The SBI exists positively influence the environment for SMEs in South Africa. Small and medium size enterprises create jobs and power economies. We stand for a free-market approach to growing SMEs, creating jobs, and providing ethical leadership. We envision a country where small- and medium-sized businesses are supported by thoughtful, evidence-based policy that limits obstacles to their success and sustainability and the private sector works to eliminate structural obstacles to competition, access to markets and effective entry into supply chains.

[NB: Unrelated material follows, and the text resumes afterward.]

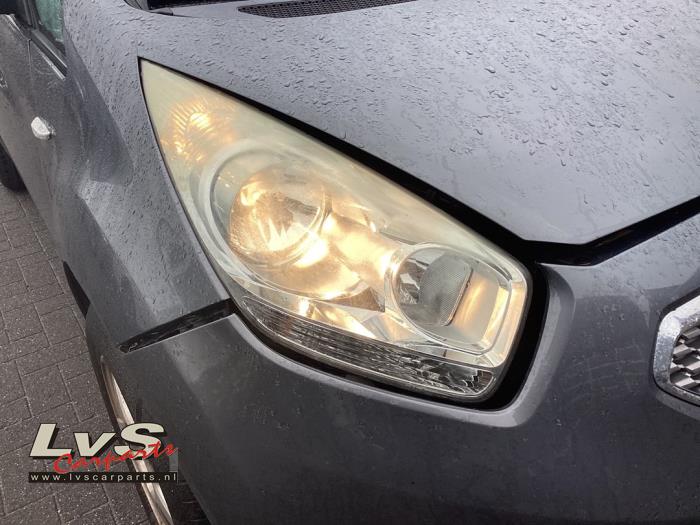 Używane Reflektor prawy Kia Venga 1.4 CVVT 16V Cena na żądanie oferowane przez LvS Carparts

SBI advocates for policy makers and big businesses to ‘think small first’. We lobby for government to consider and support the sustainability of SMEs in legislation, regulation and procurement policies. Our campaigns include big businesses where SME-supportive supply chain management and payment terms contribute to a thriving sector.
2019 in review
2019 has been a busy year for SBI. Our core objective remains highlighting issues of concern to SMEs and business chamber members and ensuring they are in the forefront of our nation’s policy debates. The strengthening of our Board of Directors and work by our executive team means we’re starting to see some traction from the advocacy SBI and others who are determined to make small business at the heart of the country’s growth and employment strategy.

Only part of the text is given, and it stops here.